# "Nude Woman with Rubik's Cube" - Ebay Bin $400,000



## jonny guitar (Jan 31, 2008)

guess you would need to be a very passionate fan of the cube and maybe Picasso to hit the Buy it Now on this auction.

http://cgi.ebay.ca/NUDE-WOMAN-WITH-RUBIKS-CUBE-ORIGINAL-ANTHONY-FALBO_W0QQitemZ370018762846QQihZ024QQcategoryZ20135QQssPageNameZWDVWQQrdZ1QQcmdZViewItem


----------



## Dene (Jan 31, 2008)

Wow, I have always hated abstract art. Way to ruin the genius cube!


----------



## ShadenSmith (Jan 31, 2008)

400K.

Wow.


----------



## Rama (Jan 31, 2008)

They should pay me 400k for hanging it up in my room.


----------



## Jason Baum (Feb 2, 2008)

Wow... some of his other paintings on ebay are listed at near 2 million dollars.


----------



## Harris Chan (Feb 5, 2008)

Stupid abstract art lol I've always wondered why such a painting that a child can paint is worth so much thesedays. What happened to these realistic painting like the renaissance style?


----------



## Dene (Feb 5, 2008)

You see, the problem came along when a few guys thought that they were making art by screwing up their paintings. Then a few other guys came along and pretended to understand. This extended a bit, until nowadays, where there is a small population of people who think that what they're looking at is art, and use it to make themselves look smart, when really what they're looking at is crap. The rest of us think they're all stupid, but they're all lost in their little world. It's only a craze, it will die out in the years to come...


----------



## ShadenSmith (Feb 5, 2008)

I partially agree. I respect Picasso a lot because he could also paint very realistic portraits as well, but chose to paint abstract. I see it all as a matter of self-discipline and an abstract sense of beauty. 

Of course that doesn't apply to artists who just can't paint anything else (me, for example).


----------



## darkzelkova (Feb 5, 2008)

Dene said:


> You see, the problem came along when a few guys thought that they were making art by screwing up their paintings. Then a few other guys came along and pretended to understand. This extended a bit, until nowadays, where there is a small population of people who think that what they're looking at is art, and use it to make themselves look smart, when really what they're looking at is crap. The rest of us think they're all stupid, but they're all lost in their little world. It's only a craze, it will die out in the years to come...



I have to agree with you. I simply CANNOT disagree with that statement.


----------



## Dene (Feb 5, 2008)

ShadenSmith said:


> I partially agree. I respect Picasso a lot because he could also paint very realistic portraits as well, but chose to paint abstract. I see it all as a matter of self-discipline and an abstract sense of beauty.
> 
> Of course that doesn't apply to artists who just can't paint anything else (me, for example).

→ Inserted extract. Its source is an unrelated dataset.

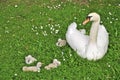 Swan and Cygnets (Anserinae)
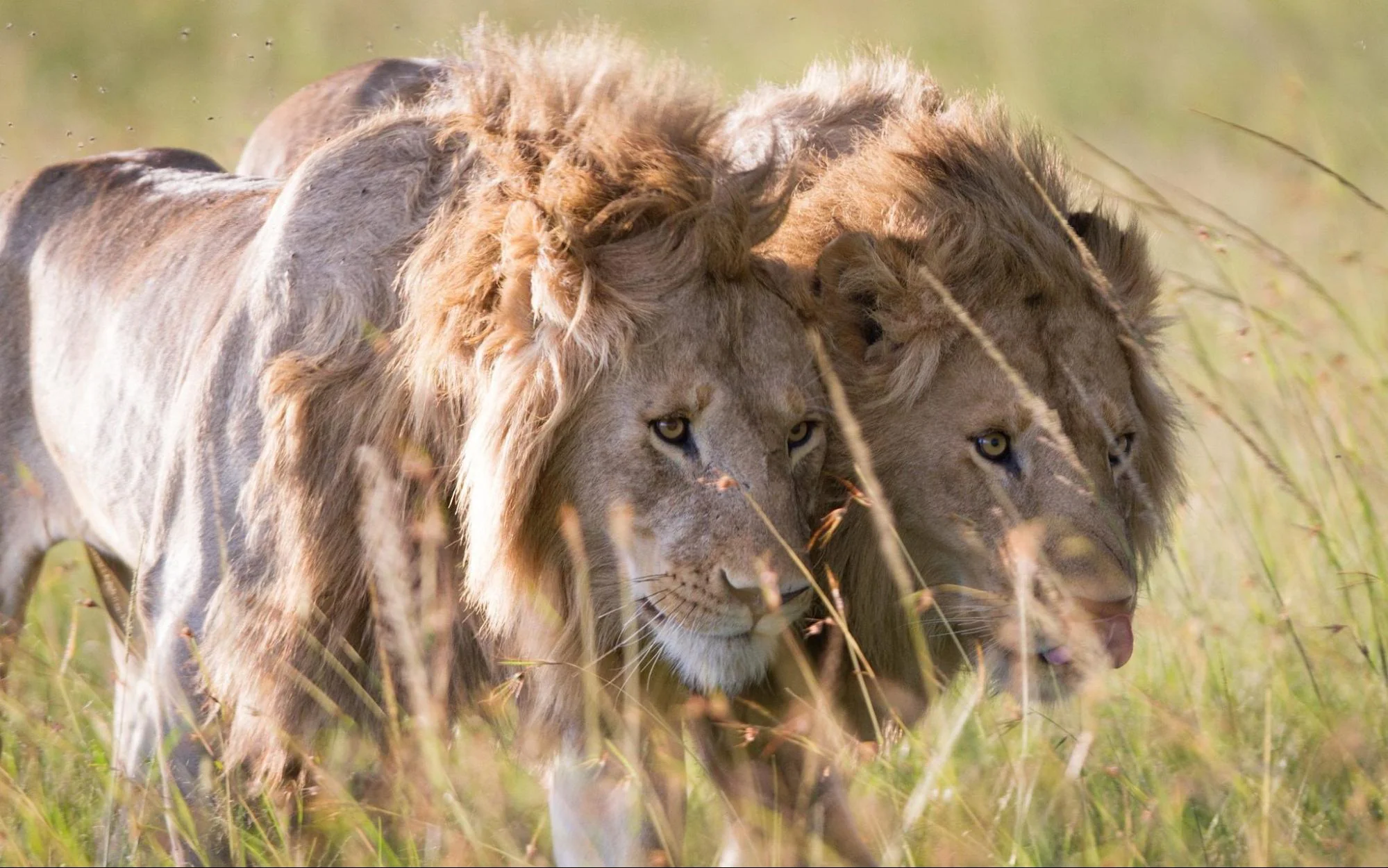 Scarface Lion: The Legend of the Masai Mara 23 Scarface - Ruler of Marsh Pride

I have an abstract sense of beauty in mathematics, but wacky art is just a waste of talent (I couldn't draw to save myself either  ).


----------



## Jai (Feb 6, 2008)

Dene said:


> You see, the problem came along when a few guys thought that they were making art by screwing up their paintings. Then a few other guys came along and pretended to understand. This extended a bit, until nowadays, where there is a small population of people who think that what they're looking at is art, and use it to make themselves look smart, when really what they're looking at is crap. The rest of us think they're all stupid, but they're all lost in their little world. It's only a craze, it will die out in the years to come...



If you were to somehow bring one of the great artists back, and showed them some of today's modern/ abstract art, they would probably think it was painted with a paintbrush up your arse.

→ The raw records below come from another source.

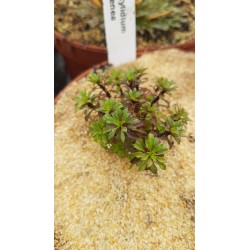 Stylidium irenea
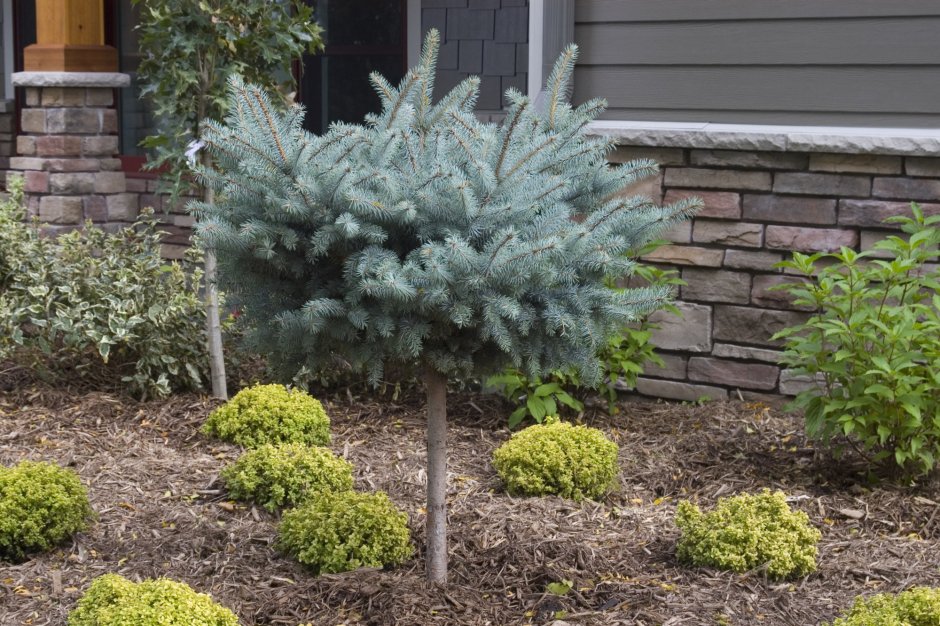 Picea pungens glauca globosa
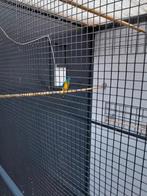 Turkusine parkieten, Meerdere dieren, Parkiet, Geringd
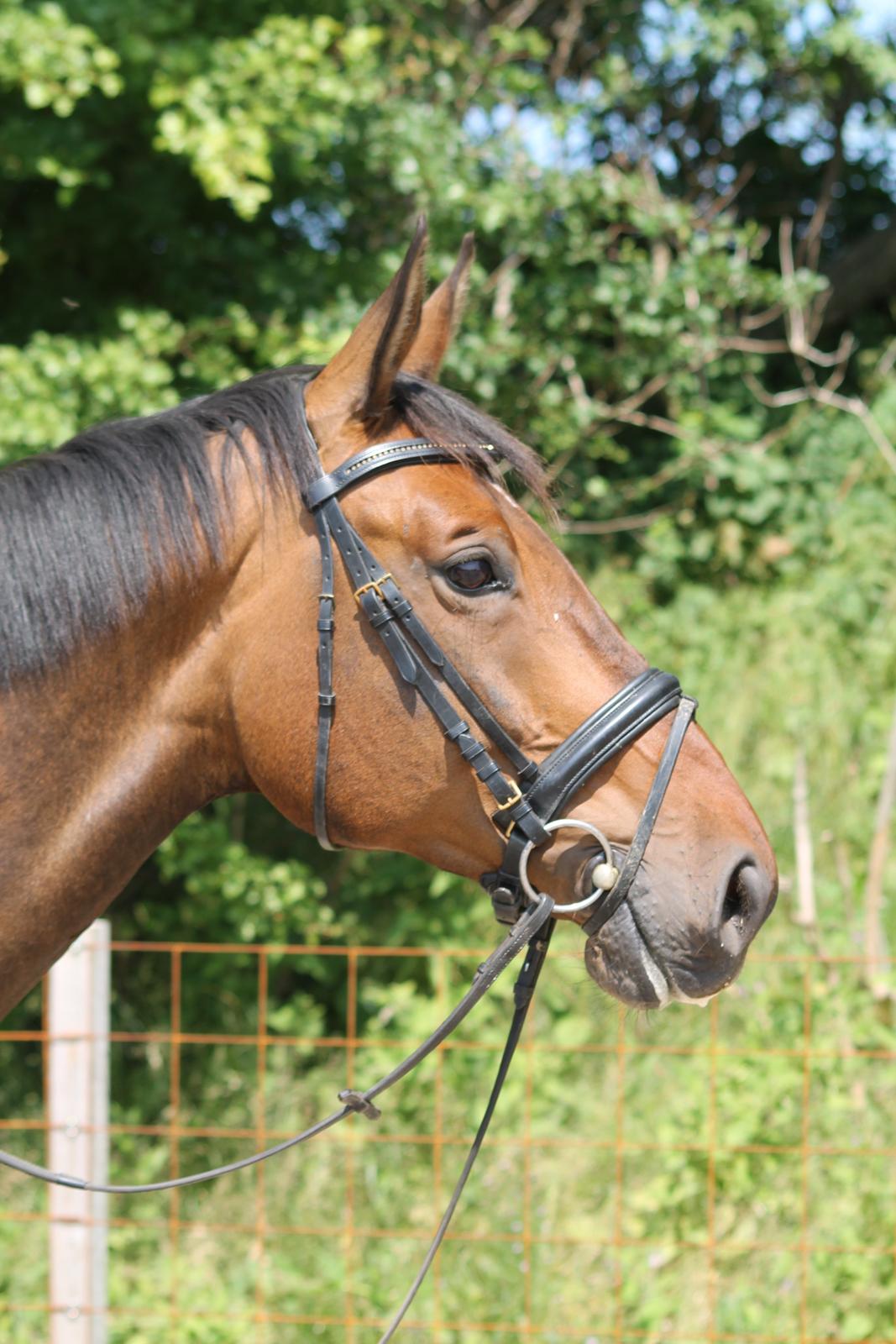 Anden særlig race Desherri billede 16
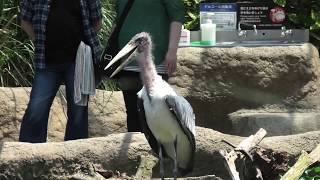 Marabou Stork (KOBE ANIMAL KINGDOM, Hyogo, Japan) June 24, 2020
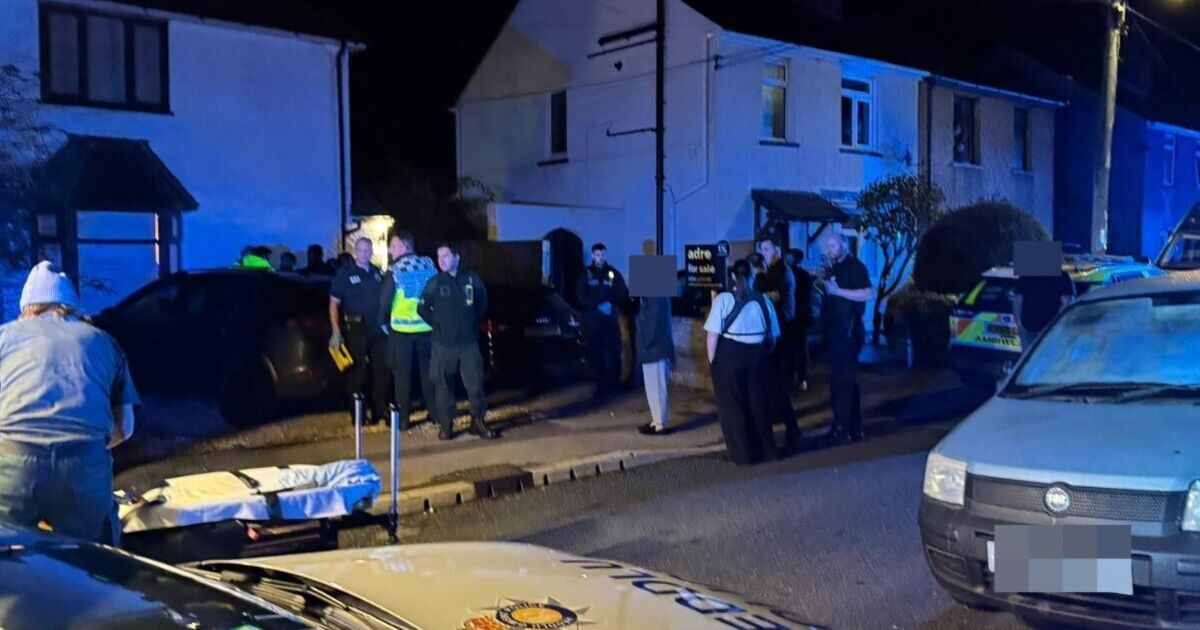 Caldicot LIVE: 9-month-old baby dies in horror dog attack | UK | News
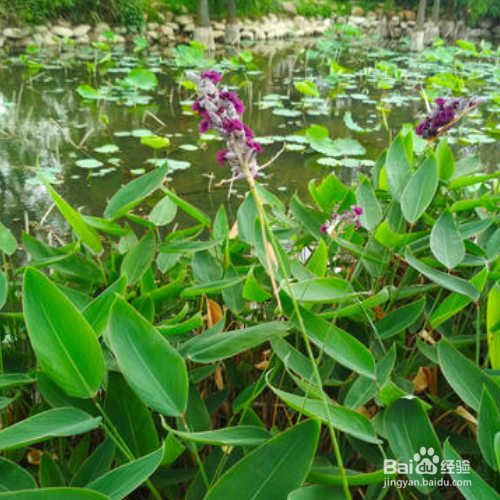 再力花的养殖需要注意什么？
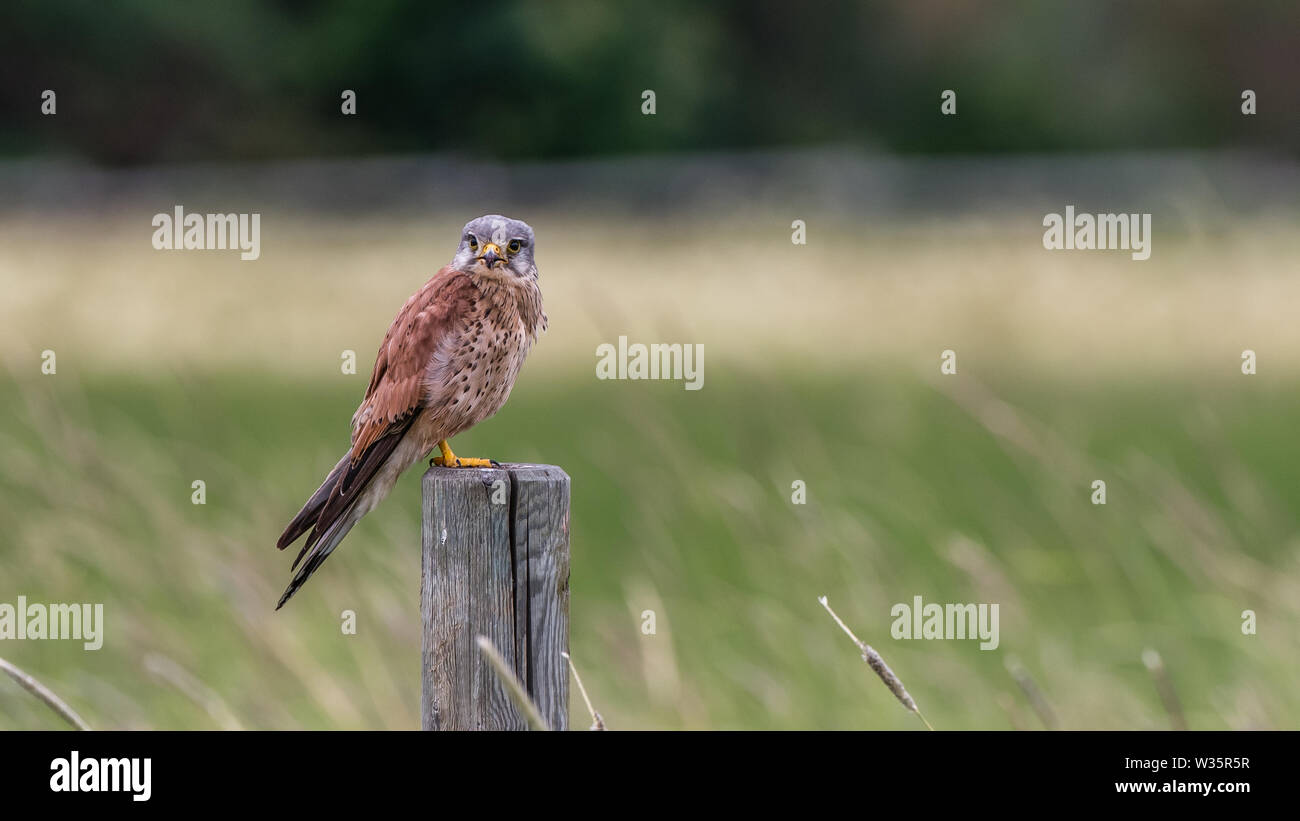 Die männlichen Kestrel auf seine Uhr auf eine neue Mahlzeit für die Nestlinge mit einem schönen defokussierten Feld im Hintergrund fangen Stockfoto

I'm not saying that abstract art is bad, I'm just saying that's it's hard to appreciate something so random.


----------



## ShadenSmith (Feb 6, 2008)

Dene said:


> ShadenSmith said:
> 
> 
> > I partially agree. I respect Picasso a lot because he could also paint very realistic portraits as well, but chose to paint abstract. I see it all as a matter of self-discipline and an abstract sense of beauty.
> ...




I feel the same way about good code


----------



## icke (Feb 7, 2008)

if you can sell art for the much, it normally has a meaning or something that you have to interpret. well i kind of like the picture its not like there is just some paint on a piece of paper and i dont think a child could do that. i still wouldnt spent more then 15bugs on it


----------



## Harris Chan (Feb 8, 2008)

Hey well...unfortunately I have to draw the same type for my art course. Dang.


----------



## icke (Feb 10, 2008)

here is same more new age drawings you might like these more 
http://cgi.ebay.de/Rubiks-Cube-New-...ageNameZWD2VQQcmdZViewItem?_trksid=p1638.m122
there are also more


----------



## Bryan (Feb 11, 2008)

Sure, she's nude, but the compact discs afford her some modesty.


----------